Extracted records =
┌──

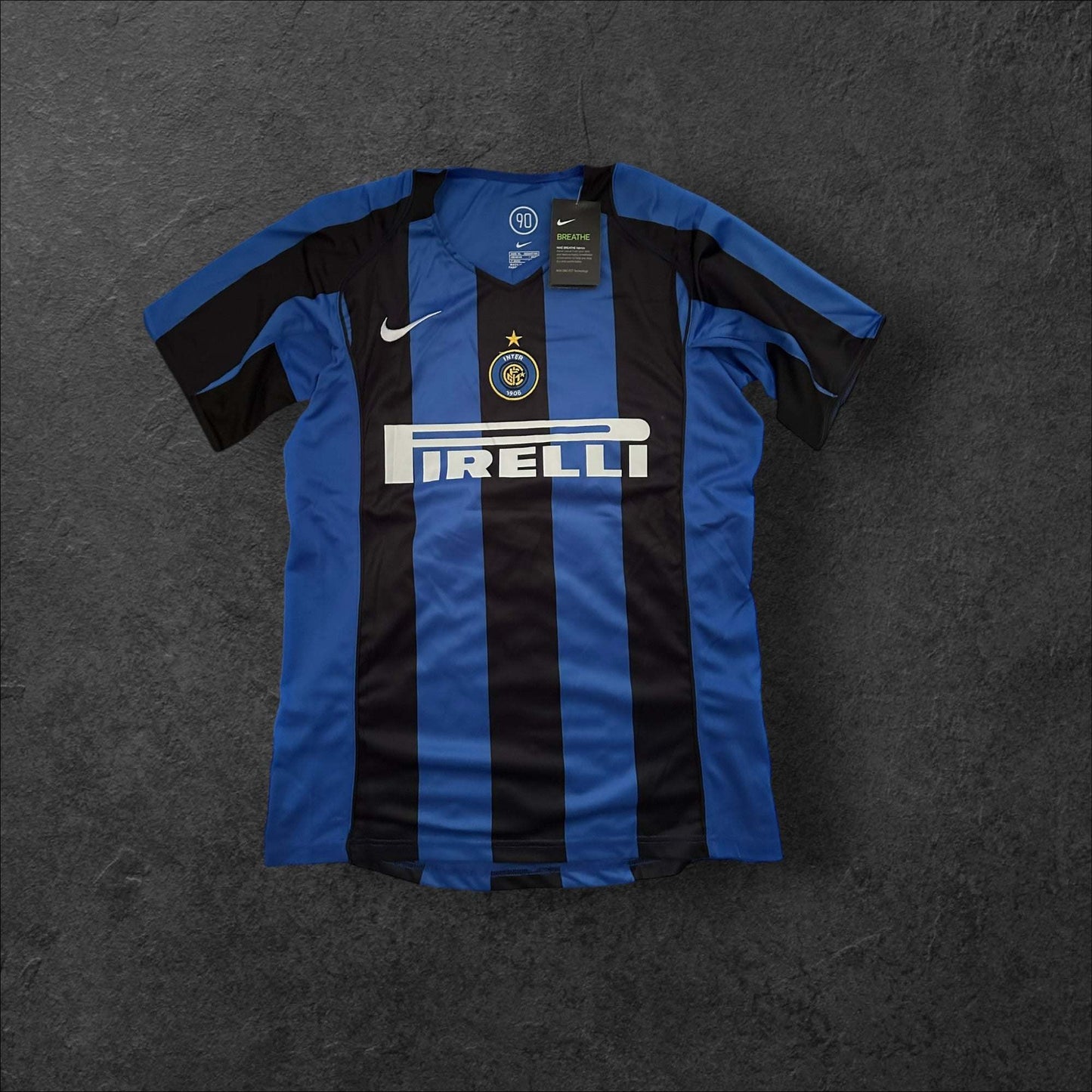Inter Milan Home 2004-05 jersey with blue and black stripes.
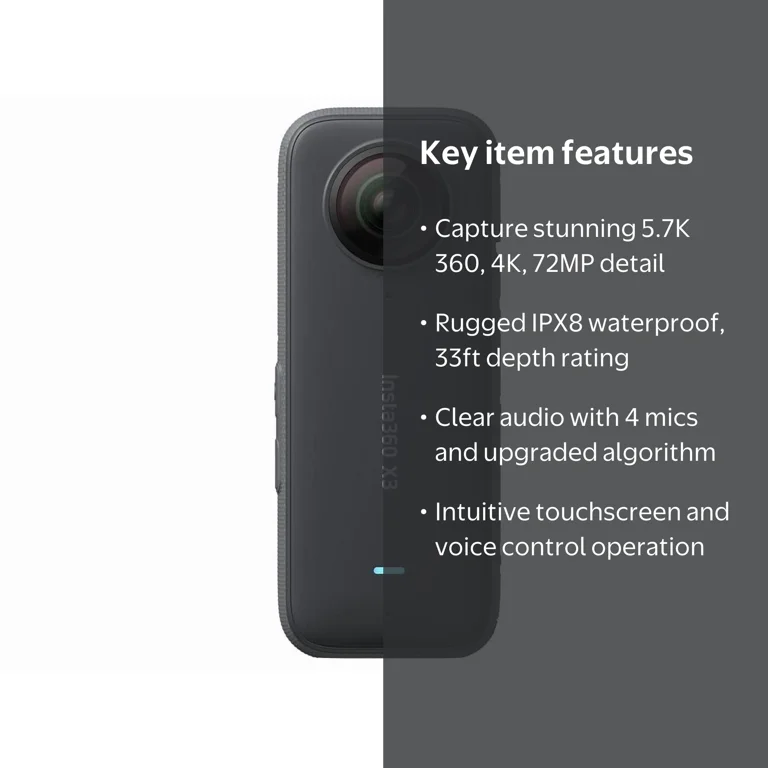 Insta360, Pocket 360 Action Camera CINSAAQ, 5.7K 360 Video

└──
┌──

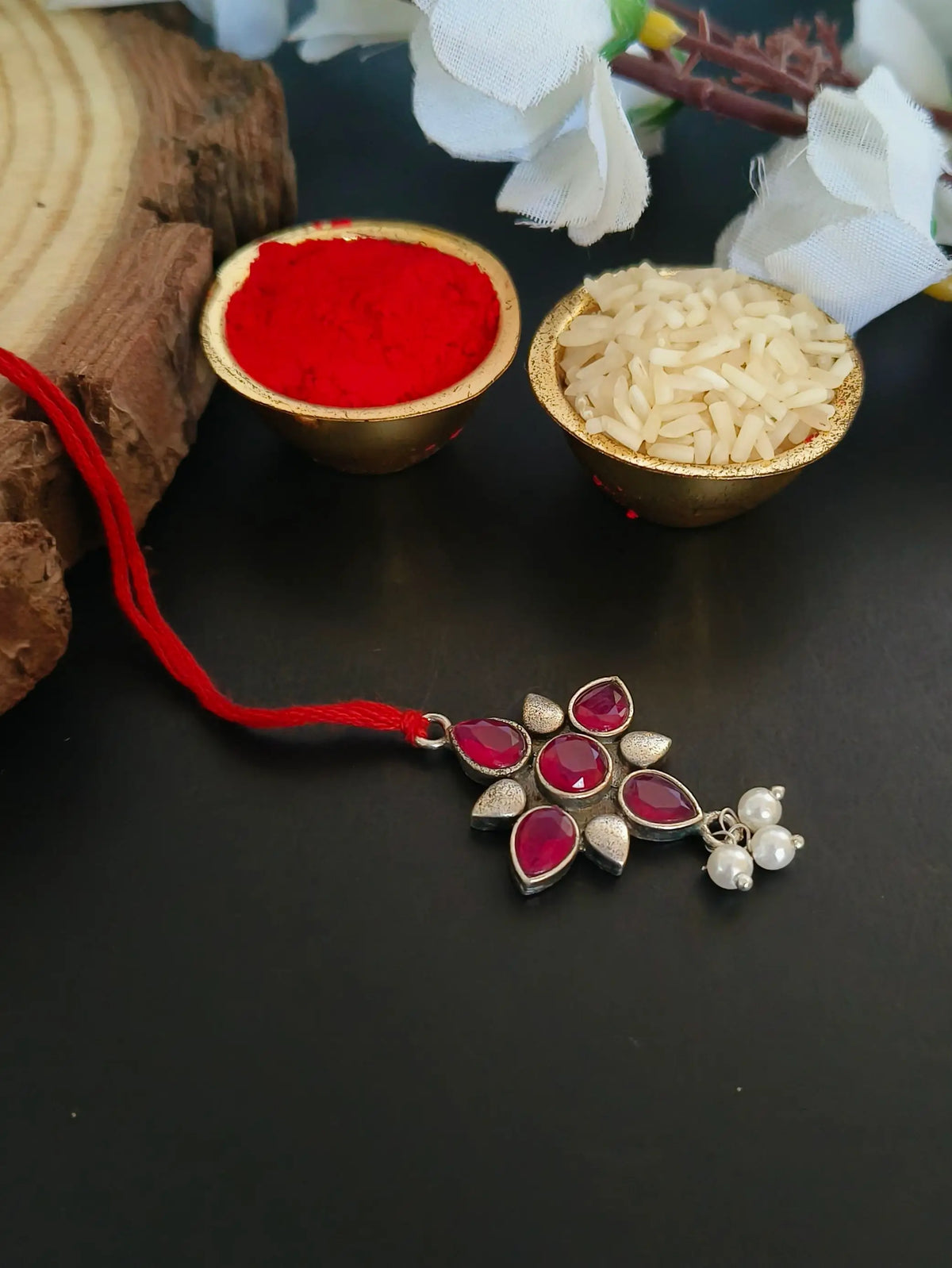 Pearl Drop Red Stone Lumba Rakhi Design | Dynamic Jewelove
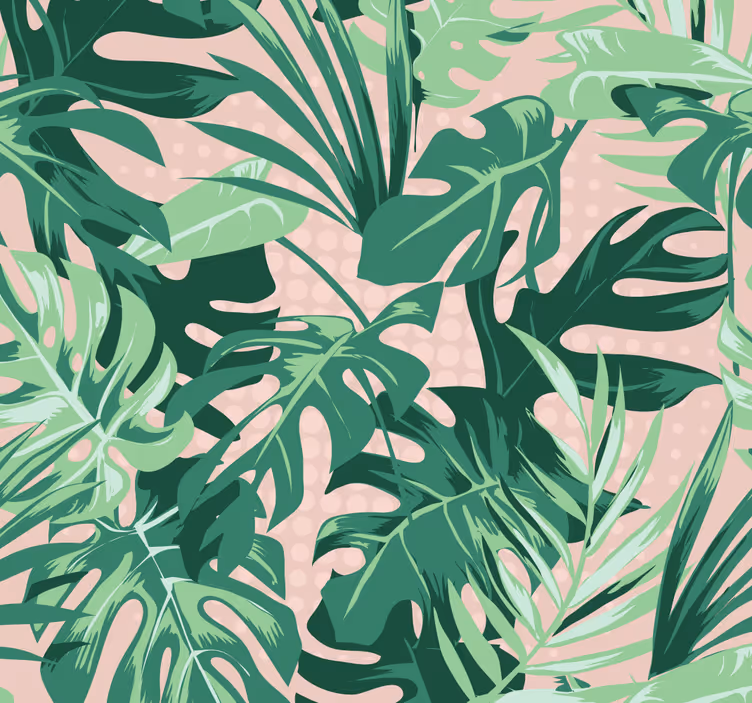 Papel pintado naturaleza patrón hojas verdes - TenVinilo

└──
┌──

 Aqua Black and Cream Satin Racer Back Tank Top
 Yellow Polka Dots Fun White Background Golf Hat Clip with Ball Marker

└──

Directions for this task =
Return the span of lines in the data above that opens at the line with "Aqua Black and" and closes at the line with "Yellow Polka Dots", exactly, ends included, nothing else.

Exercise solution =
 Aqua Black and Cream Satin Racer Back Tank Top
 Yellow Polka Dots Fun White Background Golf Hat Clip with Ball Marker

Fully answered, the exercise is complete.